-->
  • Jelajahi

    Copyright © Fakta Hukum
    Best Viral Premium Blogger Templates

    Iklan

    Iklan

    9 Penambang Tewas di Tambang Emas Ilegal Sijunjung, DPW REPRO Sumbar Soroti Dugaan Pembiaran Aparat

    Redaksi Fakta Hukum Nasional
    Jumat, 15 Mei 2026, Mei 15, 2026 WIB Last Updated 2026-05-15T08:57:07Z
    banner 719x885


    Sijunjung, Fakta Hukum Nasional _ Relawan Prabowo Subianto Indonesia Kuat (REPRO) Sumatera Barat menyoroti keras tragedi tambang emas ilegal di Kabupaten Sijunjung yang menewaskan 9 orang penambang. Peristiwa ini disebut menjadi “KADO PAHIT” bagi Kapolda Sumbar yang baru, Irjen Pol Djati Wiyoto.


    Ketua DPW REPRO Sumbar, Roni, menilai aktivitas tambang emas ilegal di wilayah tersebut selama ini terkesan dibiarkan meski sudah berulang kali diberitakan dan diperingatkan oleh kalangan media.


    “Tambang ilegal di Sijunjung bukan persoalan baru. Rekan-rekan media sudah sering memberitakan dan mengingatkan. Namun anehnya, aparat penegak hukum di wilayah Polres Sijunjung terkesan tidak pernah serius melakukan penertiban,” ujar Roni, Kamis (14/05/2026).

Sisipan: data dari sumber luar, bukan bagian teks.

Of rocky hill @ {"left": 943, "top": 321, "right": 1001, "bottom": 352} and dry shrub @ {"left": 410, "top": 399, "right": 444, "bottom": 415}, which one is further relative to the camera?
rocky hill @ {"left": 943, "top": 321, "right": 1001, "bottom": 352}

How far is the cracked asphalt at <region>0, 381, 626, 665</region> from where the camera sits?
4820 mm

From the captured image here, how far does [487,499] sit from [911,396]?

    Menurutnya, jatuhnya 9 korban jiwa menjadi bukti lemahnya pengawasan serta dugaan adanya pembiaran terhadap praktik tambang ilegal yang berlangsung cukup lama.


    “Publik tentu bertanya-tanya, mengapa aktivitas tambang ilegal ini bisa terus berjalan. Kami menduga ada koordinasi atau permainan antara pelaku tambang dengan oknum aparat sehingga aktivitas tersebut seolah aman dari penindakan,” tegasnya.

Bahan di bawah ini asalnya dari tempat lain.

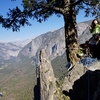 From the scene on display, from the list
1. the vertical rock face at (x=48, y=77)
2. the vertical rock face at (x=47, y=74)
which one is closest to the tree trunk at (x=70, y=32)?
the vertical rock face at (x=48, y=77)

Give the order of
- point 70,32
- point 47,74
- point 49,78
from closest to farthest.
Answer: point 70,32 < point 49,78 < point 47,74

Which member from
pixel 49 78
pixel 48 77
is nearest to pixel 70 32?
pixel 48 77

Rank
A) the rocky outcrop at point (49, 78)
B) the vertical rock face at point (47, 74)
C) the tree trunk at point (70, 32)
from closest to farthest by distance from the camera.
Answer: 1. the tree trunk at point (70, 32)
2. the rocky outcrop at point (49, 78)
3. the vertical rock face at point (47, 74)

    DPW REPRO Sumbar menyatakan akan mendorong Inspektorat Pengawasan Daerah (Irwasda) Polda Sumbar serta Komisi Kepolisian Nasional (Kompolnas) untuk turun langsung menyelidiki tragedi tersebut.


    Selain itu, REPRO juga meminta aparat penegak hukum mengusut tuntas dugaan aliran dana dari aktivitas tambang emas ilegal kepada oknum tertentu.



    “Kami meminta dilakukan investigasi menyeluruh, termasuk menelusuri dugaan aliran dana tambang ilegal kepada oknum aparat penegak hukum,” lanjut Roni.


    Hingga berita ini diterbitkan, upaya konfirmasi Kamis 14/05/26  DPW REPRO Sumbar kepada Kapolres Sijunjung maupun Kasat Reskrim Polres Sijunjung terkait insiden tersebut disebut belum mendapatkan tanggapan.


    Selanjutnya Ketua DPW REPRO sumbar siap berikan informasi terkait dugaan aliran dana dari penambang ilegal ke oknum dan pihak pihak yang terkait, Jika di minta oleh Kompolnas.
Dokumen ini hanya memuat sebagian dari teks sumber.